今宵の曲、ボッサの名曲から、「プレリュードのサンバ/Samba em prelúdio」。かの「バーデン・パウエル/Baden Powell」と「ヴィニシウス・ヂ・モライス/Vinícius de Moraes」の手になる甘美でとても美しい曲。ギターによるインスツルメンツもあるが、男女のデュエットも多い曲である。

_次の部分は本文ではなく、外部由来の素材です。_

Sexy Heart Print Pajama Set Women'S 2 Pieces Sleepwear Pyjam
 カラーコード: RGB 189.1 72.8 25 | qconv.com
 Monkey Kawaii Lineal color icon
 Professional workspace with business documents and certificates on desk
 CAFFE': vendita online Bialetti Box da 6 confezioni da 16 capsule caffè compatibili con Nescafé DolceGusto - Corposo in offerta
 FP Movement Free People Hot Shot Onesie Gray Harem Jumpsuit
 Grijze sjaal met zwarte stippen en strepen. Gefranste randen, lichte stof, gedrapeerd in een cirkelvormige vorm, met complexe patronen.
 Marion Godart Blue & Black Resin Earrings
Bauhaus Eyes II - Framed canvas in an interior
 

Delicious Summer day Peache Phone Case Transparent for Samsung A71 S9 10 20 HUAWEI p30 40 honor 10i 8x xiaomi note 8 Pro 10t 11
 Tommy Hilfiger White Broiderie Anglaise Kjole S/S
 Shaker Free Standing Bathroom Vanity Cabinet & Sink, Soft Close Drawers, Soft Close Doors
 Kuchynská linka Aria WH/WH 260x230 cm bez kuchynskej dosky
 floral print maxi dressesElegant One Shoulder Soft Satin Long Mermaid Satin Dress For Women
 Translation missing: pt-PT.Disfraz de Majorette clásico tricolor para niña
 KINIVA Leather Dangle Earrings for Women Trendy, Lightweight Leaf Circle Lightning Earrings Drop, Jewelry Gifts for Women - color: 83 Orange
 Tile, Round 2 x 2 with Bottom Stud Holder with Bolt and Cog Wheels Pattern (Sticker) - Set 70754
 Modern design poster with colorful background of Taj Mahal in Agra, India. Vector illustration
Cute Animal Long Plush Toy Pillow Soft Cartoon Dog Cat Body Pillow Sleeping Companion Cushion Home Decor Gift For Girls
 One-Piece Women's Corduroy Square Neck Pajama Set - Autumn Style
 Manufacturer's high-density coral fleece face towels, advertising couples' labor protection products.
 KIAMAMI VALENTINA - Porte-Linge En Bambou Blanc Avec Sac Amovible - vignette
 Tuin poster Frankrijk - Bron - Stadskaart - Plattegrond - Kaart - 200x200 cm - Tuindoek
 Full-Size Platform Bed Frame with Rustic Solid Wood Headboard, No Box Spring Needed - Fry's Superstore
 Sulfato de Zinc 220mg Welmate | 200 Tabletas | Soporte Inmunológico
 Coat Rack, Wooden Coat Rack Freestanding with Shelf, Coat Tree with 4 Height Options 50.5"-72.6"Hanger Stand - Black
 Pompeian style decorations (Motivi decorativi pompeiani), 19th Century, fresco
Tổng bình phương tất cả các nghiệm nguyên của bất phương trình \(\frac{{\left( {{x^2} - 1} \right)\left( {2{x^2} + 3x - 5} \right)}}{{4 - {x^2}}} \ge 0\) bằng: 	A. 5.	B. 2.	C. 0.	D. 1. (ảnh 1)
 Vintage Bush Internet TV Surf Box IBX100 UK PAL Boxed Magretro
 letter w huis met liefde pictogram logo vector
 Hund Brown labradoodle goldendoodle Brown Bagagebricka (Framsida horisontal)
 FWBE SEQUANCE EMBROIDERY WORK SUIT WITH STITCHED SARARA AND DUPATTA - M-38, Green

まず、私がこの曲を知った、「セバスチャン・タパジョス/Sebastião Tapajós」のギター演奏から。1944年生まれ、ブラジル出身のギタリストで作曲家。「バーデン・パウエル」の陰に隠れて目立たなかった感があるが、速弾きのギターの名手である。いまから40数年前LPレコードでよく聴いていたが、その当時は、「バーデン・パウエル」を凌ぐ技量の持ち主と思っていた。いつしかそのLPは私の手元から離れたため、その後ずっと長い間CDを探していた。諦めかけた頃、偶然、復刻版CDを見つけたといういわくつきのアルバム、「Brasil-El Arte de la Guitarra(ブラジル-ギターの芸術)」(2004)から。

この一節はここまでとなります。